A week or two before the episode was meant to come out, a stranger direct-messaged me on Instagram with a link to a Law & Order: SVU trailer: “I think this is about you.”
As I watched the trailer, I thought, That literally looks like us. There were two blonde people kissing, wearing dance clothes. It was so obviously cast to look just like me and my ex-boyfriend Chase Finlay, the man who shared revenge porn of me with his friends, who were also principal dancers at New York City Ballet.
I felt weird about it, and then I felt anxious. You never know how the media is going to portray you, and this was a TV show taking what happened to me and making it their own; they could do anything that they wanted with my story.
And then I felt angry, which is how I feel about a lot of things these days. No one at SVU talked to me about my story, or told me that they were making an episode that was so clearly based on what happened to me. The disclaimer at the start of the show states that the episode is fiction, but everyone knows that Law & Order is “ripped from the headlines.” Over the summer, one of the show’s writers had followed me on Instagram. Now I understood why.
I should say up front that I’m a big Law & Order fan; SVU is probably one of my favorite shows. I watch it almost every day, or I used to. I think that the conversation that the show has created about sexual violence has impacted society for the better. But this felt like they took advantage of me, which is a hell of a thing to do to a survivor of sexual violence.
In the spring of 2018, two years after I’d graduated from the School of American Ballet, where I met Chase, I found explicit images on his computer. He’d taken video of me without my consent and shared it, also without my consent, with other dancers and with a company donor. [Editor's note: Finlay maintains that Waterbury consented to being photographed nude.] I sued Chase, the dancers, the donor, the company, and the school. Chase resigned. The other two dancers were fired, but appealed the decision with the help of their union, and the company offered them their jobs back. The case is ongoing.

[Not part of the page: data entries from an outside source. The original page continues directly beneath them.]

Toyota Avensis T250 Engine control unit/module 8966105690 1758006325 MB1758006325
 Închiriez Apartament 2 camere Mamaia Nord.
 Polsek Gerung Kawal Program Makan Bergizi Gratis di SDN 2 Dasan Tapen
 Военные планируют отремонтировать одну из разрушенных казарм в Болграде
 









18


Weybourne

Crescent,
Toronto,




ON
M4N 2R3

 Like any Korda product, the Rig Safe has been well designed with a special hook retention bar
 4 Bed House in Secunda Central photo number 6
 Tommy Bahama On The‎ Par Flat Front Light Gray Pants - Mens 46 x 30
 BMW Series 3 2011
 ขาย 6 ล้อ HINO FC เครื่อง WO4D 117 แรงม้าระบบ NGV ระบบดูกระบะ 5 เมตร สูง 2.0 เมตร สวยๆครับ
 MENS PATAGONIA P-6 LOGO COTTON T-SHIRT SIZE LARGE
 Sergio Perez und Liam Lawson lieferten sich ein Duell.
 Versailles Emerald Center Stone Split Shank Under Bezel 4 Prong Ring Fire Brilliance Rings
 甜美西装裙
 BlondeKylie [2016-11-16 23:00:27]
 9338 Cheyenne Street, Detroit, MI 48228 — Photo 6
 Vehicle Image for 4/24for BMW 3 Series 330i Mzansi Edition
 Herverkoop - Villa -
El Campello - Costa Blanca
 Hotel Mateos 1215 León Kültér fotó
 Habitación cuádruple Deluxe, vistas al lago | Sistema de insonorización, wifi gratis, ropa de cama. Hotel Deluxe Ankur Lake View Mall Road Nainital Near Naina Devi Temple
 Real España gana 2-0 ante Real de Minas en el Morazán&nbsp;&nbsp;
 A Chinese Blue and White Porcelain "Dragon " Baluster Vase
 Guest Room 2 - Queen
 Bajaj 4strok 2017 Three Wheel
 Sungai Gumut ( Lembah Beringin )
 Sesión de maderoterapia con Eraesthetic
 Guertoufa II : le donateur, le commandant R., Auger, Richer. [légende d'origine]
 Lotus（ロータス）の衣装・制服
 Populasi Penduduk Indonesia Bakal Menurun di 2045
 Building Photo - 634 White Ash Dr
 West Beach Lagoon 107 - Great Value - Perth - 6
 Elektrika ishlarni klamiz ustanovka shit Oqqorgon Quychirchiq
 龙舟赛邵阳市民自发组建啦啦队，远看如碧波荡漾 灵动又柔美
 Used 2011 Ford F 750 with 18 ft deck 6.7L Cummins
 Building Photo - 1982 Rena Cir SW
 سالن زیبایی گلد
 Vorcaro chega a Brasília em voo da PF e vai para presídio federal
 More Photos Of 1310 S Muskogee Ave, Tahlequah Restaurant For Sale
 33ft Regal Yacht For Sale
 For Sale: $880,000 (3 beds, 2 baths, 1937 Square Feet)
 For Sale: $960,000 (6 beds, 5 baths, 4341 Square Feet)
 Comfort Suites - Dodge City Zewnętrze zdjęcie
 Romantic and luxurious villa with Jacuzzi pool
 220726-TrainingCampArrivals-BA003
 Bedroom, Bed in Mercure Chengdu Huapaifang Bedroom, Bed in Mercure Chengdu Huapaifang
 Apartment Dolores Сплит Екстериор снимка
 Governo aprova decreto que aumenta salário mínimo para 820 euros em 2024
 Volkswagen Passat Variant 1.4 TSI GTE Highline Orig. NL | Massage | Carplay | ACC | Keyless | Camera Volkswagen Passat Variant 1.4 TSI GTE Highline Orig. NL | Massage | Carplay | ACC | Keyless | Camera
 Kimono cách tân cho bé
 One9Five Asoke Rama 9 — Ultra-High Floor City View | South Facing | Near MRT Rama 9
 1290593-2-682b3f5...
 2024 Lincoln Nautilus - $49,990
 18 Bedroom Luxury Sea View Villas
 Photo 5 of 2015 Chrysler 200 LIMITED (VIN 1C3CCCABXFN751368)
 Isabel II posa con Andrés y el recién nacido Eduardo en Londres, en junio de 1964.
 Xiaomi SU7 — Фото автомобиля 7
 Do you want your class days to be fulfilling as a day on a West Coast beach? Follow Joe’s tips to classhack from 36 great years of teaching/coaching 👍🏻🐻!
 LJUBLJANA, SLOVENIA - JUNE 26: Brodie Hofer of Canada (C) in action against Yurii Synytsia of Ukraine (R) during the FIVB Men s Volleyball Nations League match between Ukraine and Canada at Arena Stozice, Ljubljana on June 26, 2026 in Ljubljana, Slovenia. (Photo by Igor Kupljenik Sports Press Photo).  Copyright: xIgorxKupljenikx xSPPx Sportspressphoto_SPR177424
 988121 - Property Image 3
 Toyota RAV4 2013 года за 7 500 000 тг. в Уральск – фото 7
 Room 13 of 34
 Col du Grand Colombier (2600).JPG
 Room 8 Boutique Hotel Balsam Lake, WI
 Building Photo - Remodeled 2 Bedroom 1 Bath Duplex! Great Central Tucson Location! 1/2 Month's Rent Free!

After I watched the trailer, I called my lawyers. Are they allowed to tell this story without my permission? Is it even legal? My lawyers said they didn’t think there was much they could do. I mean, SVU has been doing this for 21 seasons. They obviously have a legal way around it. Plus, my lawyers said, in a sense the episode was a good thing. It shows that my case was bad enough to be investigated by TV’s Olivia Benson. Hopefully, they said, it’ll raise awareness about what happened to me.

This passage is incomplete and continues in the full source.